WORK TASK
Quote only the lines that start at the line with "3室2廳1陽臺 西壩路283號戶型圖" and run to the end of the entries; omit the pictures.

EXTRACTED INFORMATION

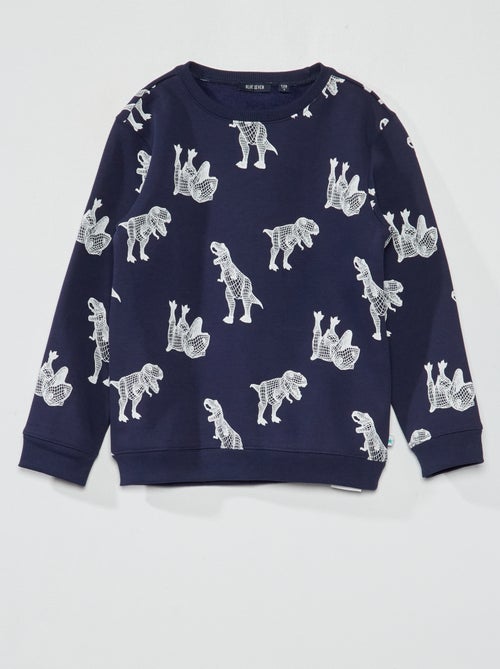 Sweatshirt 'dinossauros' - Kiabi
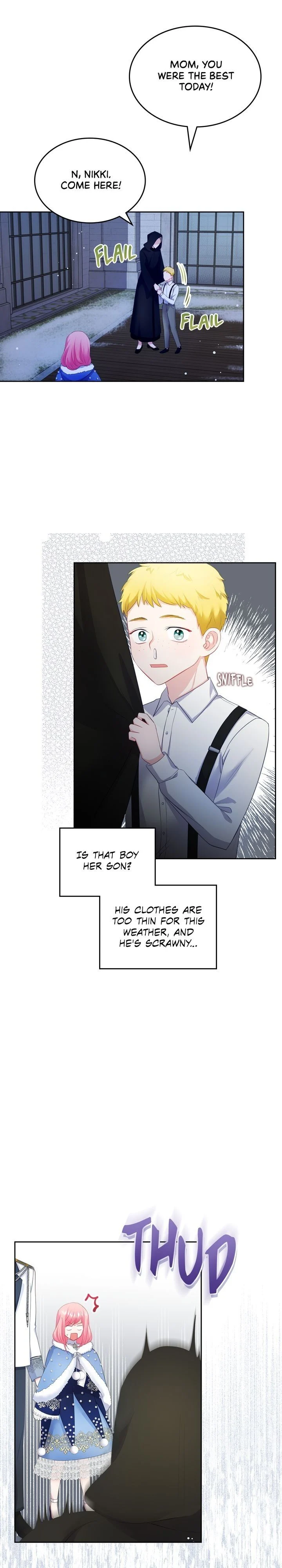 The Villainous Princess Wants To Live In A Gingerbread House chapter 52 page 9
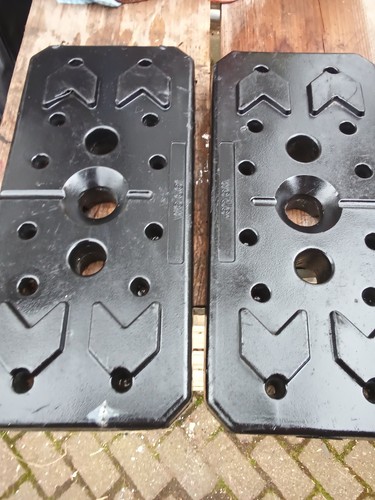 Weider weight plates - plates, for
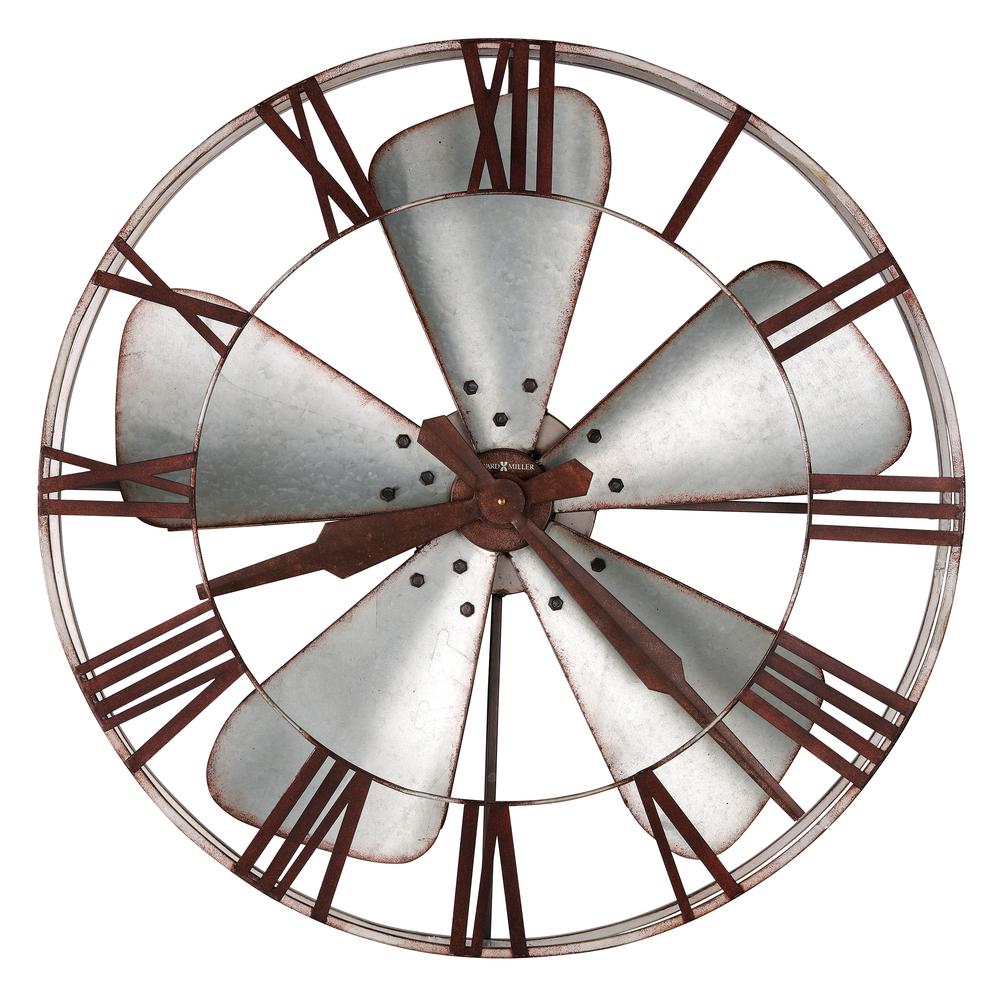 Howard Miller Mill Shop Wall Clock. Picture 1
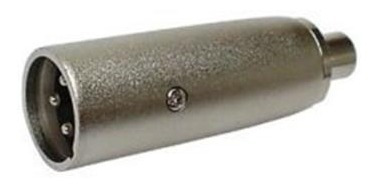Imagen 1 de 2 de Ficha Cannon Alargue Canon Hembra Rca Hembra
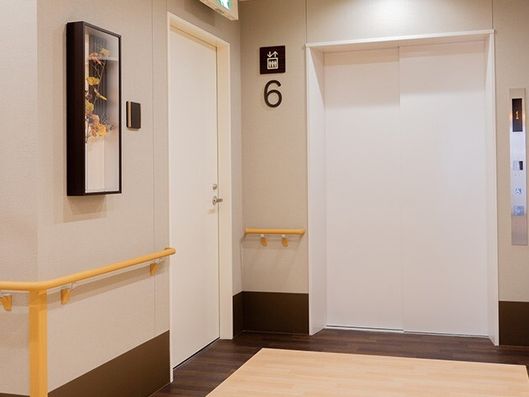 エレベーターホール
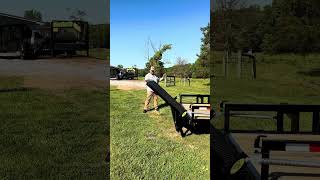 Gator-Made’s extreme duty reinforced tailgate. #utilitytrailer ￼ #GatorMade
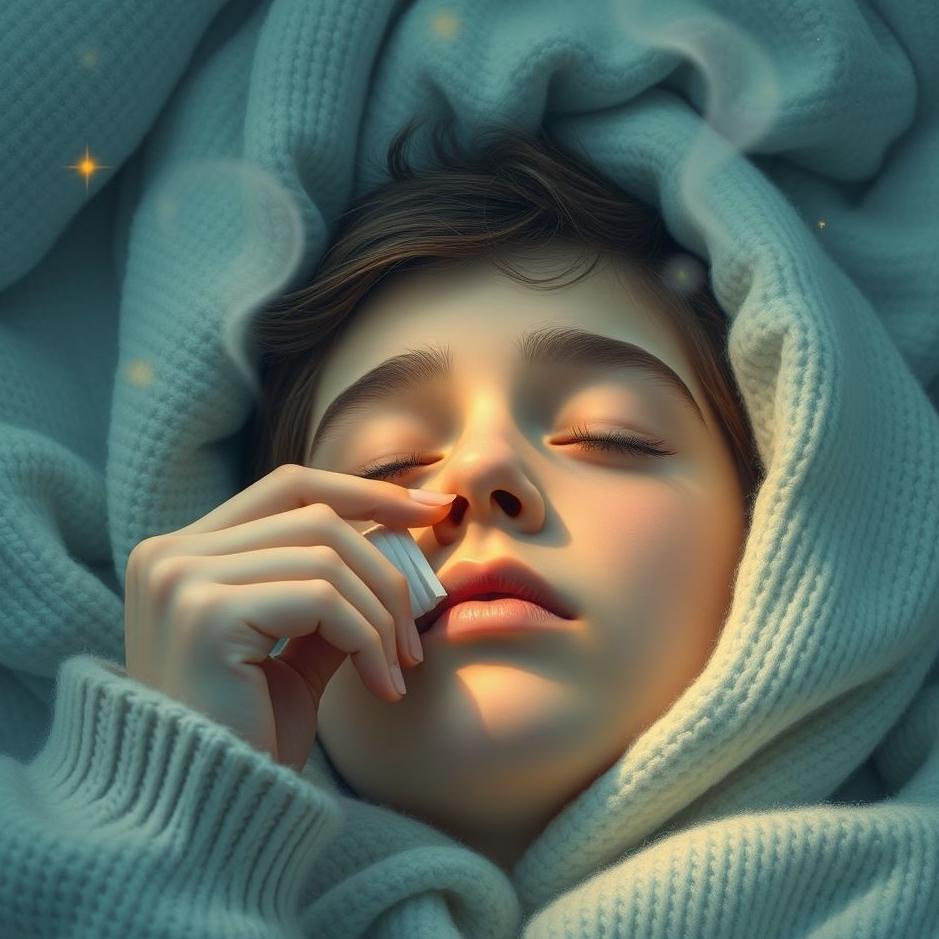 Dream : Cleaning your own nose in a dream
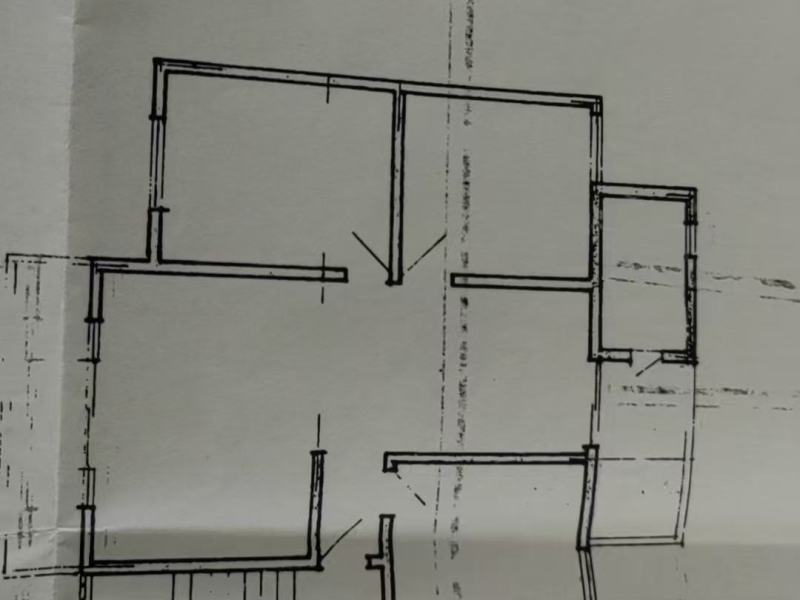 3室2廳1陽臺 西壩路283號戶型圖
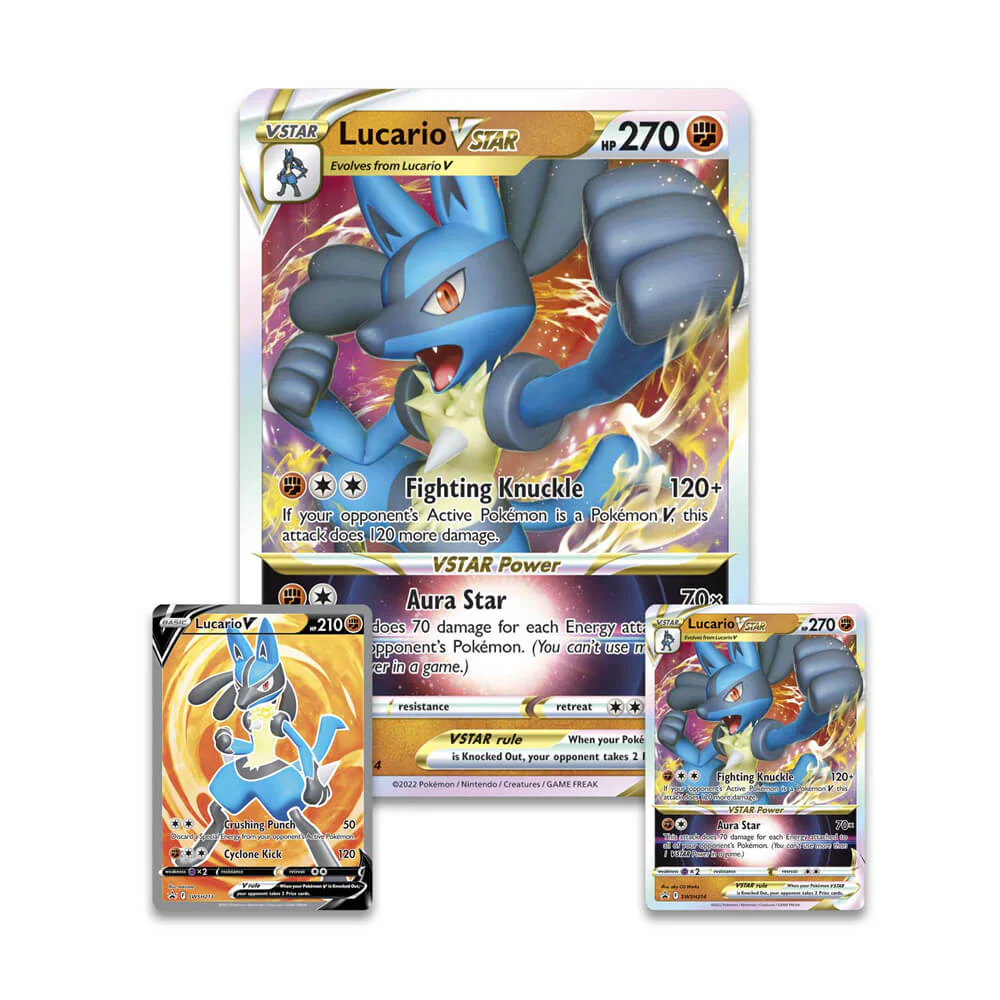 Pokémon Lucario VSTAR Premium Collection - Image 2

EXPECTED ANSWER
 3室2廳1陽臺 西壩路283號戶型圖
 Pokémon Lucario VSTAR Premium Collection - Image 2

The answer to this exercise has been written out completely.